Questo l’identikit dell’ovodonatrice di IVI al termine del processo: una ragazza tra i 25 e i 26 anni, per la metà con figli; un terzo studia all’università, un terzo frequenta il liceo, circa il 40% è sposata o convive.
Molte le donne italiane che si rivolgono a IVI per ricorrere alla fecondazione eterologa. Nonostante dal 2014 la legge consenta di ricorrere a questa tecnica nel nostro Paese, a causa della scarsità di donatrici di ovociti e per le procedure complicate di importazione dall’estero, le coppie sono ancora costrette a spostarsi dall’Italia.
Dal 2012 al 2016 i cicli di trattamento con ovodonazione a cui si sono sottoposte pazienti italiane presso i Centri IVI in Spagna sono stati più di 7.000 versus i quasi 3.000 per la fecondazione omologa che rappresenta, comunque, un numero importante.
Le coppie italiane arrivano ai Centri IVI in Spagna cariche di domande e dubbi soprattutto nel caso della donazione per la quale vogliono sapere chi è la donatrice, perché ha donato, se possono avere più informazioni, a quali controlli viene sottoposta. Un approccio molto diverso rispetto alle coppie scandinave, per esempio, che sono più dirette, pensano al risultato e hanno pochi dubbi.
Le pazienti italiane sanno che non è possibile incontrare la donatrice né sapere chi sia ma sembra addirittura che la cosa non dispiaccia: preferiscono avere informazioni attraverso il Centro, piuttosto che avere un contatto diretto.
Inoltre, per loro è importante capire perché in Spagna si dona e in Italia no.
Quali sono le caratteristiche della donatrice richieste più frequentemente dalle pazienti che contattano i centri IVI? La risposta a questa domanda cambia a seconda della nazionalità: le italiane chiedono che siano giovani, in salute, belle e simili a loro, specie per il colore degli occhi. Le inglesi si informano su educazione, intelligenza, caratteristiche fisiche (altezza) e livello di studi. Le francesi si preoccupano della taglia della donatrice, così come di educazione e intelligenza, requisiti richiesti anche dalle spagnole, cui si aggiungono doti artistiche, somiglianza e livello sociale.

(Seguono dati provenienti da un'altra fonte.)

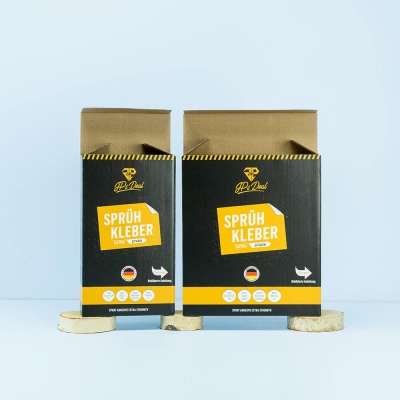 Corrugated cardboard product packaging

“Le coppie si rivolgono a IVI – sottolinea la Dottoressa Daniela Galliano, Direttrice del Centro IVI di Roma – perché ne conoscono la competenza, il livello professionale e il tasso di successo dei trattamenti che è pari al 90%: 9 coppie su 10 che si sono rivolte all’Istituto Valenciano di Infertilità hanno realizzato il sogno di diventare genitori. Il 20% è rappresentato da donne di altra nazionalità; di queste, il 31% sono italiane, la più alta percentuale tra le straniere. Per il 10% circa si tratta di donne single o omosessuali, mentre il restante 90% è rappresentato da donne eterosessuali, con un’età che varia dai 37,53 anni per la fecondazione omologa ai 42,75 di chi si rivolge al Centro per i cicli di ovodonazione”.
Con oltre 26 anni di esperienza, 50.000 trattamenti ogni anno, 160.000 bambini nati, 2.000 professionisti e 70 cliniche in 13 Paesi, IVI, dopo la fusione con l’americana RMNJ, rappresenta la più grande realtà mondiale nel campo della Procreazione Medicalmente Assistita.